The dumps were decisive. In six of the eight, a single WebContainer thread held the global com/ibm/ejs/ras/SystemOutStream monitor — the JVM-wide lock the WAS logger acquires for every write — and was stuck in the same native frame: java/net/Inet6AddressImpl.getHostByAddr, called from InetAddress.getCanonicalHostName(), called from RasHelper.getFullHostName(), called from SystemOutStream.logRolled(). WAS was rotating its SystemOut.log, writing the new file's header, and resolving the host’s own IP back to an FQDN to put in that header — a reverse DNS lookup on itself. Behind that one thread, fourteen to twenty‑one other WebContainer threads were queued on the same monitor, every one of them coming through NavigatorContext.<init> → Logger.logDebug. Every JAX-RS request to ICN — CSS, JS, AJAX, image fetches, even 304 Not Modified responses — goes through that constructor. So while one thread sat in DNS, every user-facing request piled up behind it.

That is a textbook lock convoy: a fast lock made slow because the code holding it is waiting on something off-process.

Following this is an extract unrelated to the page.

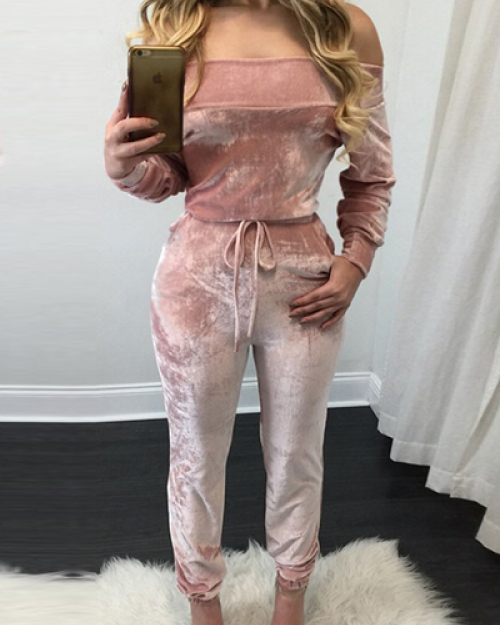 Charming Bateau Neck Long Sleeves Lace-up Pink Velvet One-piece Skinny Jumpsuits Charming Bateau Neck Long Sleeves Lace-up Pink Velvet One-piece Skinny Jumpsuits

It also explained every prior puzzle — the bursty pattern (fast → 5 s stall → fast, in line with log‑rollover events), why static and database paths were equally affected (all paths log), and why the WebContainer pool looked under-utilised in Tivoli (the bottleneck was the lock, not the pool).

A targeted Wireshark capture confirmed the DNS hypothesis on the wire. The server had two NICs. The primary interface carried all real application traffic. A second interface, Ethernet2, held the address 172.21.113.130 and had no DNS server configured. Reverse-lookup queries that landed on that interface had nowhere to go and waited out the full 5-second OS resolver timeout before failing — the exact 5-second floor the HAR had been showing all along.

§ IV The change

A few lines in the hosts file.

The fastest, lowest-risk remediation was to short-circuit the resolver. We added entries to the Windows hosts file on the WAS server mapping every IP the host owns — both NICs — to its canonical FQDN. With that in place, getCanonicalHostName() returns from the local file in microseconds and never touches DNS, so the log-rollover thread can no longer stall holding the logger monitor. No JVM restart, no application change, no network ticket — a contained, reversible edit aligned with IBM’s own documented mitigation for this WebSphere behaviour. Longer-term hardening (a JVM property to skip the FQDN resolution, reducing ICN debug-trace volume, and a proper PTR record from the network team) was scheduled for the next maintenance window.

§ V The result

Page response dropped to under 30 ms.

After the hosts file change, every page in the workflow rendered in well under 30 ms. Follow-up thread dumps were clean — no thread anywhere in the stack of getCanonicalHostName or RasHelper.getFullHostName, no waiters on the SystemOutStream monitor — and the 5-second deltas in the Wireshark trace were gone. The fix held through subsequent peak cycles without intervention, the marker we use for a problem genuinely solved rather than temporarily relieved.

Seconds → < 30 ms

Per-page response time, end-to-end, on the same hardware.

Two lines

A static hosts file edit on a single server — no application or infrastructure change.

Same day

From HAR and Wireshark evidence to verified production fix, contained to one maintenance touch.